# my engagement ring



## dr.jaimie (Mar 23, 2004)

been waiting a month for it to be finished. my fiance had it specially made. i hated to be picky but i wanted something unique being my second marriage. and it couldnt be more perfect! it has my birthstone amethyst on the sides and my grandmothers diamond.


----------



## iheartbisou (Feb 13, 2007)

Omg! It's so beautiful! I love the stones and the setting, it's very elegant. Congratulations both you and your fiancé did a great job!


----------



## angelgirl599 (Apr 8, 2009)

Gorgeous!!! Congrats!!! :thumbsup:


----------



## frankie (Mar 6, 2008)

that is so beautiful. :wub: :wub: .congrats.


----------



## Snowbody (Jan 3, 2009)

Jamie -- it's absolutely beautiful. :cloud9: I'm so happy for you!!! It's really special, just like you. 
Funny but my ring is very much like it. The diamond (it was a single stone) in my first engagement ring fell out :smpullhair: Yes, the prongs can loosen and I hadn't listened when my jeweler suggested I come in every year or so to check them and clean the ring. So after that (and thankfully insurance) I didn't want my ring to look just like it so got one with the round diamond in the middle and two sapphires on the sides. I love it because it's different and always get compliments.

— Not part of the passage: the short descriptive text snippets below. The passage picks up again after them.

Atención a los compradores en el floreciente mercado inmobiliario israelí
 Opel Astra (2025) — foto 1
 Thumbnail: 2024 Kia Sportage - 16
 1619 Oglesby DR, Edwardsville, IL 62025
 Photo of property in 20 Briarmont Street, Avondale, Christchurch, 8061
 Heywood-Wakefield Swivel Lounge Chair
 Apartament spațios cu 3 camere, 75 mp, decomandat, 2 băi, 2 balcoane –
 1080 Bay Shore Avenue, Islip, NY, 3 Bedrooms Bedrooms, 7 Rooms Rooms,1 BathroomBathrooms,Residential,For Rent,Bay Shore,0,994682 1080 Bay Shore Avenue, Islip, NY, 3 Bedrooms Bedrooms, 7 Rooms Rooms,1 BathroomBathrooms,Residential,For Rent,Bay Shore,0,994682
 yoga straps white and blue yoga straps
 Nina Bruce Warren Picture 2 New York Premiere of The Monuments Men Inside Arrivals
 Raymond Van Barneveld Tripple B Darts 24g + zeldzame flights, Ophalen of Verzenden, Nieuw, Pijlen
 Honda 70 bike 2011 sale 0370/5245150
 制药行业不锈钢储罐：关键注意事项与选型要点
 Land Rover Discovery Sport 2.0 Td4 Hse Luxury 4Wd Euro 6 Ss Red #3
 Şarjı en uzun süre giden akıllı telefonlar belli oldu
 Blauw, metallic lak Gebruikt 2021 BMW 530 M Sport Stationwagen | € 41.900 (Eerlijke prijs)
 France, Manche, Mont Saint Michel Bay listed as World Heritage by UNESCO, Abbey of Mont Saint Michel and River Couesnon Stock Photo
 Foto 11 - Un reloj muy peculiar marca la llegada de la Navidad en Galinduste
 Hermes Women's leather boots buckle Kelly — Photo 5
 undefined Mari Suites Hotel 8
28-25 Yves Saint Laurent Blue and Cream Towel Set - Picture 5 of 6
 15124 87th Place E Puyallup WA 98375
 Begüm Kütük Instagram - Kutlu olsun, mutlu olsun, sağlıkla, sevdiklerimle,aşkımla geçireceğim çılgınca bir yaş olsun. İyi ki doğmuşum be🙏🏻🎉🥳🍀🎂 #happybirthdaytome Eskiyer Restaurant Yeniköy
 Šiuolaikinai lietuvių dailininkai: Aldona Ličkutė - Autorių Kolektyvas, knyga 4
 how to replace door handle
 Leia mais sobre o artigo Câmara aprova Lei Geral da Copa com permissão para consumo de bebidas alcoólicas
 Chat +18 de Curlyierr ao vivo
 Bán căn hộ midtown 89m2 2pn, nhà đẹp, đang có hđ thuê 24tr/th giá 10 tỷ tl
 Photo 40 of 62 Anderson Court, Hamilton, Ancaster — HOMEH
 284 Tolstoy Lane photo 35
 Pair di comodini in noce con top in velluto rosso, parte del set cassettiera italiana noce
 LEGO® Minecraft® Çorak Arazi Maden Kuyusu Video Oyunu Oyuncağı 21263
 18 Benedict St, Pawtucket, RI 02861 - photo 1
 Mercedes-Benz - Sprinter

So everyone out there, check your prongs.


----------



## Lacie's Mom (Oct 11, 2006)

Jaimie, it's beautiful, and it's very sentimental too. :wub: :wub: I'm so happy for you. :biggrin:


----------



## wooflife (Aug 8, 2007)

It's beautiful!!!! Congratulations!!


----------



## njdrake (Apr 23, 2007)

Beautiful! I think having your grandmothers diamond makes it even more special.


----------



## CeeCee's Mom (Sep 14, 2006)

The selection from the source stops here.